Baker Hughes Heading to $65
With Schlumberger (SLB) and Halliburton (HAL) posting better-than-expected third-quarter earnings results, it certainly seems as if business conditions in North America has taken a turn for the better. That certainly bodes well for Baker Hughes (BHI), which enjoys roughly 50% of its revenue from that region.
While Baker Hughes has consistently been overlooked when discussing the "Big Three" within the energy services space, Baker Hughes stock has actually outperformed Schlumberger by 8%. It seems management is finally ready to take that extra step forward to produce the sort of results the Street has been waiting for. With growth having returned to North America and abroad, these shares still look undervalued by at least 10%.
I don't believe the Street has ever doubted that the energy sector -- which has been marred by weak oil prices and soft rig counts -- would rebound in a meaningful way. The question has been if/when the market did recover, would Baker Hughes regain its trading status as a strong oil producer as opposed to natural gas, where there has been some continued weakness? These and other questions were answered convincingly following the company's third-quarter earnings results, which included a 22% jump in profits.
Baker Hughes posted revenue of $5.8 billion, which advanced 5.5% year over year. While it's not on the level of Schlumberger's 9% growth, Baker Hughes outperformed Halliburton by almost 4%. Given that this sector has always been considered a "bottom line" business, Baker Hughes 22% profit increase was the best among the "Big Three." And I believe the company's management deserves a lot of credit.

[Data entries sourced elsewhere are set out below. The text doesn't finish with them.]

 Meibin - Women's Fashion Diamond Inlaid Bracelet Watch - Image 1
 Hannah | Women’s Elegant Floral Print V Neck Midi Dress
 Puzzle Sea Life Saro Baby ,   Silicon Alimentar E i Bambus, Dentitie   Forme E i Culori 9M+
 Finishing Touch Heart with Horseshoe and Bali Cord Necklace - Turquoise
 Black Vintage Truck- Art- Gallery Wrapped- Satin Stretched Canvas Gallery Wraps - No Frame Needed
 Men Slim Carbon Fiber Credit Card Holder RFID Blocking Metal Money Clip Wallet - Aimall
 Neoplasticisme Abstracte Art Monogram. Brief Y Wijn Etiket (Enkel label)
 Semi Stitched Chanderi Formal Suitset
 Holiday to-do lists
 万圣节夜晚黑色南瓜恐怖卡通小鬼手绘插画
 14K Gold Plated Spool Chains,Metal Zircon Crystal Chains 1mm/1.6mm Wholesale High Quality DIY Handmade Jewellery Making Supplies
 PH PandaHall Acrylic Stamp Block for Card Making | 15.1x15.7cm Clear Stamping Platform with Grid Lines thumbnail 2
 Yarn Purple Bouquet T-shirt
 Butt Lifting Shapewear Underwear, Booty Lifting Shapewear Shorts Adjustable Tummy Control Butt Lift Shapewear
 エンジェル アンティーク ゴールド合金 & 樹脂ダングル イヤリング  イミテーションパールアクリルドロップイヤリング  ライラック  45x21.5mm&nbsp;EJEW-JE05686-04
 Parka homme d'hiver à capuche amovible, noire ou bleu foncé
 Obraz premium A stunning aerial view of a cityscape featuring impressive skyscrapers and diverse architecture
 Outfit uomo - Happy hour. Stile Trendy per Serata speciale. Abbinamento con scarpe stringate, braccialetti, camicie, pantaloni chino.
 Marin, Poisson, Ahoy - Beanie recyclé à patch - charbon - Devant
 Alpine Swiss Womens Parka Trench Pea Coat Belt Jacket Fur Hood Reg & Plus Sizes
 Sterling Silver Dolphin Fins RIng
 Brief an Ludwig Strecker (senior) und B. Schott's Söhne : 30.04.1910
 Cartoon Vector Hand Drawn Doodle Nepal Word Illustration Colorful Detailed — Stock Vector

Let's not forget, an increased amount of strain was added on the pressure-pumping business at the height of the natural-gas surplus. The company's management had come under quite a bit of scrutiny as a result of lower prices. Like Schlumberger and Halliburton, which were forced to shift operations to higher-cost areas like shale, Baker Hughes having outperformed both companies in profitability implies a higher level of execution, especially since shale is less efficient.